Testing websites and web applications across platforms, browsers and operating systems is a nightmare. Browsers’ developer tools have made it much more convenient over the years with respect to mobile but still, you can’t simulate IE in Firefox or weird “improvements” some OS + browser combinations make (I’m looking at you, Safari on an iPhone). There’s no getting around of running the browser on an actual device.

However, getting the website/app running somewhere accessible can be a bit of a problem. How big, depends on the complexity of setup and the deployment process. Even when you get there and find an issue, debugging and fixing it becomes a nightmare because of a long feedback loop between typing code and seeing the result and trying something else. This is where smart tools like ngrok come in.

ngrok is basically a dynamic DNS - you run an ngrok binary telling it to tunnel a specific port over the service’s server which gets published under a random third level domain under [random domain] You can then for example open Internet Explorer on a Windows machine, type in the URL and check the issue. Then, when you make a local change you can see it immediately on the other device as well.

To get ngrok working with a Rails application requires a few steps. I run Puma on the default port 3000 in local development so the basic command is:

ngrok http 3000

This should work for a simple app which doesn’t do any redirects using absolute URLs. In the case of Enectiva, some gems we use redirect using an absolute URL which means that requests get redirected to localhost:3000. This doesn’t match up with the remote access via an ngrok tunnel because the remote browser then tries to access port 3000 on its host machine. There might be nothing running on that port or something completely different. The result is the same.

To solve this issue, the simplest way is to change the default_url_options[:host] configuration to match the tunnel URL. The easiest way to do this is editing DEFAULT_HOST variable in .env file (or config/environments/development.rb directly). There are two downsides: (1) your local access won’t work as expected, you’ll be redirected through the tunnel (not a problem except for the unnecessary round trip) and (2) the URL is randomly assigned every time you start the ngrok tool so you have to copy it fresh. ngrok offers a paid version with a reserved subdomains and many more features.

If you’re in Europe like us, you will probably feel the lag. By default, ngrok routes the tunnels through servers in the US. However, it offers a flag to select other regions, so we run:

ngrok http -region eu 3000

One thing I haven’t managed to get working is the development Webpacker process. It runs as a process separate from Rails themselves, providing a WebSocket with updates of the assets on another port and hot reloading the page.

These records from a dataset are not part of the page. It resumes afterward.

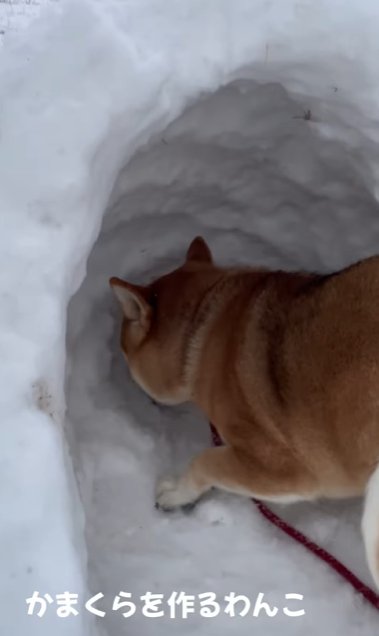 かまくらを掘る柴犬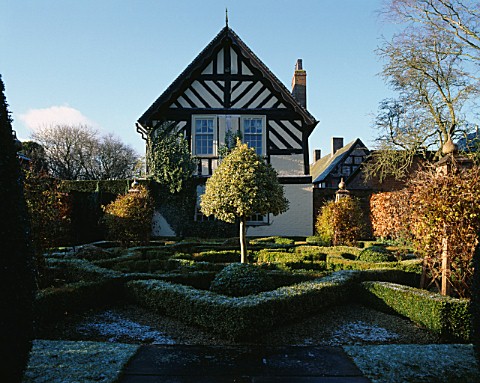 VIEW_ACROSS_THE_FROSTED_KNOT_GARDEN__PAST_TOPIARY_ILEX___TOWARDS_THE_TUDOR_HOUSE_WOLLERTON_OLD_HALL_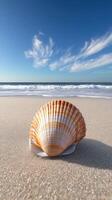 Beautiful seashell resting on soft sandy beach under blue sky with wispy clouds and gentle ocean waves in the background photo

While it’s possible to run multiple tunnels at the same time, there’s no relationship between the assigned URLs. I assume it’s possible to configure Rails to use another URL for the Webpacker process but I haven’t dug into it. The setup defaults to serving the assets and having to press F5 when you make a change which is not a huge cost. Compared to the alternatives, debugging issues in IE or on an iPhone is much less daunting with ngrok.